Game Around Banja Luka

by Milos Vasic and Filip Svarm

On Thursday afternoon, the situation was as follows: the army of the Republika Srpska held Mrkonjic Grad, Sanski Most and Prijedor - three of northwest Bosnia's major towns. By that time, the Serbs had lost Sipovo, Donji Vakuf, Jajce, Bosanski Petrovac, Bosanska Krupa and Bosanski Novi. The fate of Bosanska Dubica and Bosanska Kostajnica was uncertain, except for confirmed reports about strong Croatian artillery attacks and the evacuation of civilians from the area. The Croatian army, after forcing the Una and Sava rivers at several locations, was advancing from the northwest towards Prijedor, but after Granic's promises to halt the offensive, Croatian troops partly retreated. According to some Western sources, the Croatian army had suffered considerable losses in the area and received the order to stop the offensive with relief. Workers of the International Committee of the Red Cross in Prijedor said that artillery fire could be heard distinctly inside the town.

On the Ozren-Vozuca front, the Serbs lost Vozuca; somewhat more than a year ago, on St. Vitus Day, Karadzic stated: "If Vozuca falls, Moscow falls as well." According to the latest reports, heavy fighting is raging on Mount Ozren and around Doboj. Serb sources and the UN reported attacks by two divisions of the BiH army in the area, but said that it was quiet in other parts of the front.

DOMINO PIECES ARE FALLING: A matrix of refugees' routes has become one of the best indicators of the military and political situation in the area held by the Serbs on the west bank of the Drina. No one can know an army better than its own people, or as Nikola Koljevic explained in implictly in a statement to FoNet, Serb troops began to retreat after the Croatian artillery pounded villages behind the defence line, fearing for the fate of their families. The same happened during the fall of Bosansko Grahovo and Glamoc, and especially during the fall of Krajina: troops were fighting back until the civilians evacuated the attacked area and then laid their arms and ran after their families.

Some analysts have recently come out with a theory that the Bosnian Serbs are deliberately ceding the territories which will eventually be given to the other side under the Contact Group's or any other's maps. But this theory can hardly withstand the following arguments: the Serbs have never ceded anything deliberately, because in the long run that would mean suicide. Furthermore, if rumors about such a deal supposedly spread among the people, every next attack would trigger a massive movement of civilians from the attacked area since no one know what the alleged maps include. The advocates of this theory must also bear in mind that the theory of international complot against the Serbs is the main political philosophy of the Republika Srpska. The latest developments were rather caused by a psychological factor: the awareness that the national project of a Greater Serbia has failed and that the time has come to pay the bills.

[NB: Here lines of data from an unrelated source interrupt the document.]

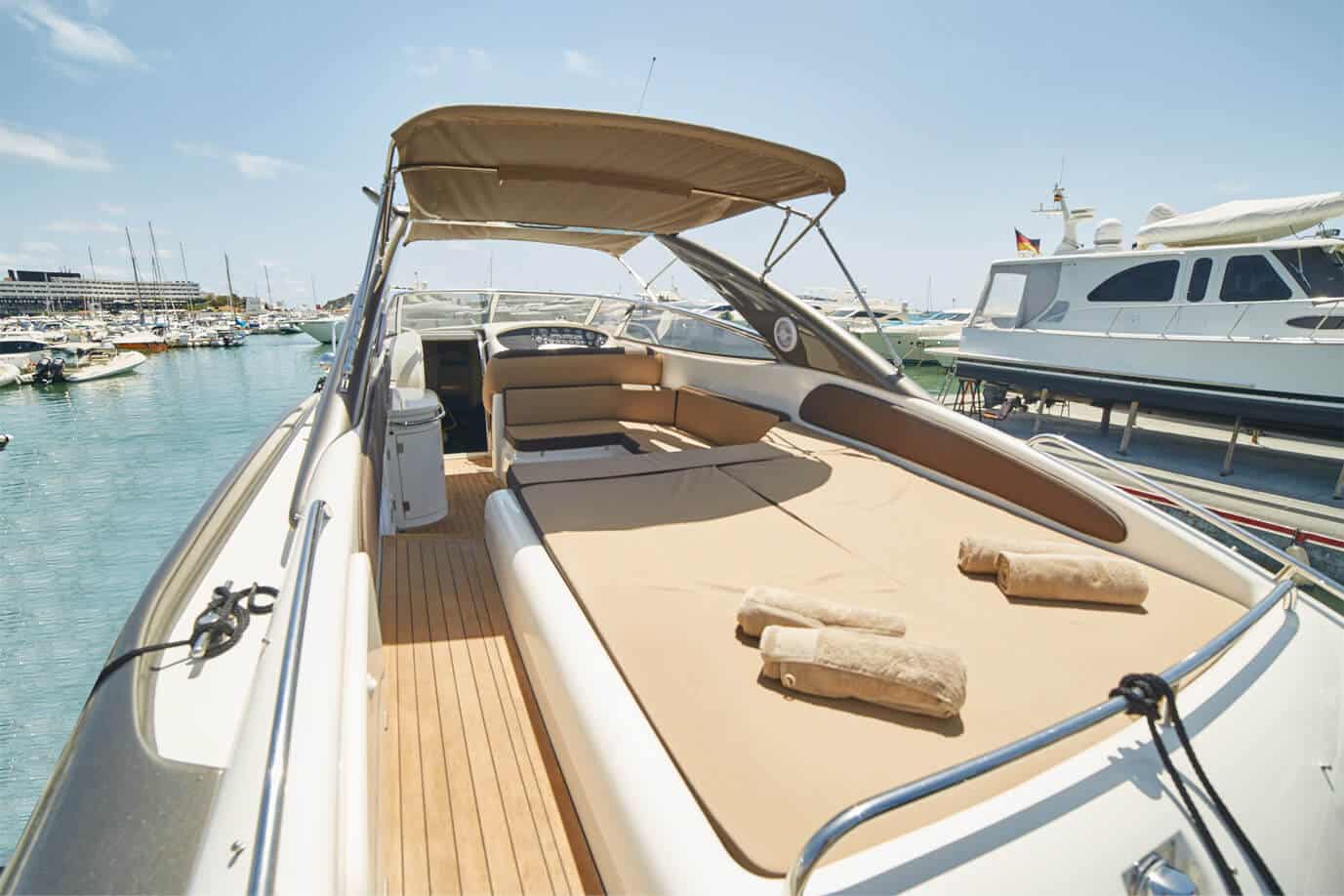 British Sunseeker Superhawk 48 (Superhawk Series) 30 Inches Ship Model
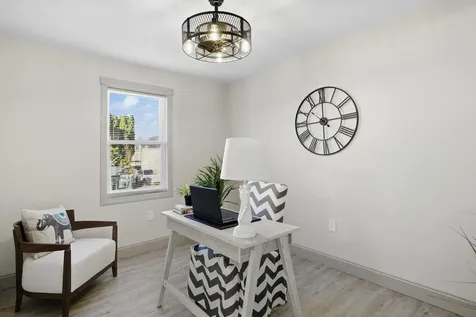 284 Bell Street Manchester NH 03103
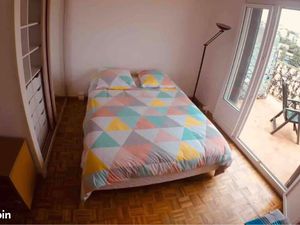 Chambre 1 pièce 70 m²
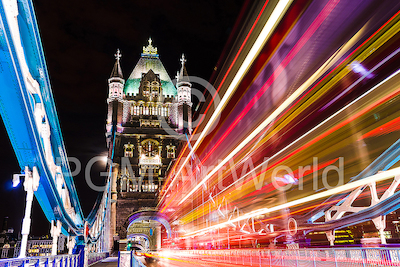 100cm x 67cm London Rush Hour von Michael Abid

OTHER SIDE: NATO air strikes on Bosnian Serbs have heavily damaged their telecommunications, logistic and traffic capacities. Rule number one of modern warfare, the command-communications-control coordination, was degraded to World War I level, and only mobile radio links (which are very easy to monitor) remained opened. The Bosnians and Croats naturally assessed that this was the right time to launch an offensive. Their offensive was relatively successful, but - as so many times before - it showed the need to redefine the relationship between the two mutually suspicious partners: the Republic of Croatia and the Republic of Bosnia-Herzegovina.

That this is not an easy job became clear during a meeting between Tudjman and Izetbegovic last week. The meeting produced no concrete results, but a statement released after the talks said the problem of "liberated" territories would be solved in political talks, regardless of what territory was captured by whose troops.

What are Croatia's options at the moment? There is reason to believe that Croatia's ruling HDZ has seriously divided over the Bosnian issue - the traditional nationalists who have aspirations on the whole of Bosnia (as far east as to the Drina, which they call the "flower of the Croatian people") on one side, and the revisionists (Tudjman and Herzegovinians) who envision the division of Bosnia with the Serbs (Karadjordjevo, etc.) on the other side.

The first faction is willing to negotiate with Zagreb on all forms of confederation and federation, trying to buy the time until they can have the entire Bosnia. The other faction is relying on the recent and ongoing military victories, which will make it easier to divide Bosnia into a sparrow in the hand (Branko Tudjan, the "royal" commentator in Vecernji list explained that "borders are drawn by troops") and a pigeon on the tree in which they have no interest. Sarajevo has been aware of this and Gen. Jovan Divjak, assistant commander of the BiH army, warned of this threat shortly after the fall of Glamoc and Bosansko Grahovo. Minister Sacirbey said the government in Sarajevo was ready for a dialogue "with competent officials in the Banja Luka region, to make it possible for the local population to stay in their homes and to avert a possible fighting in the area." He did not name the "competent officials," but said they "are not war criminals or people who do not accept the territorial integrity of BiH." The calls to Banja Luka to negotiate with Sarajevo (through the mediation of Britain, whose foreign secretary Malcolm Rifkind offered to find a Serb negotitor for a "political dialogue of such crucial an importance") is another illustration of the Bosnians's anxiety that the Croatian military help could undermine their efforts to preserve the integrity of Bosnia.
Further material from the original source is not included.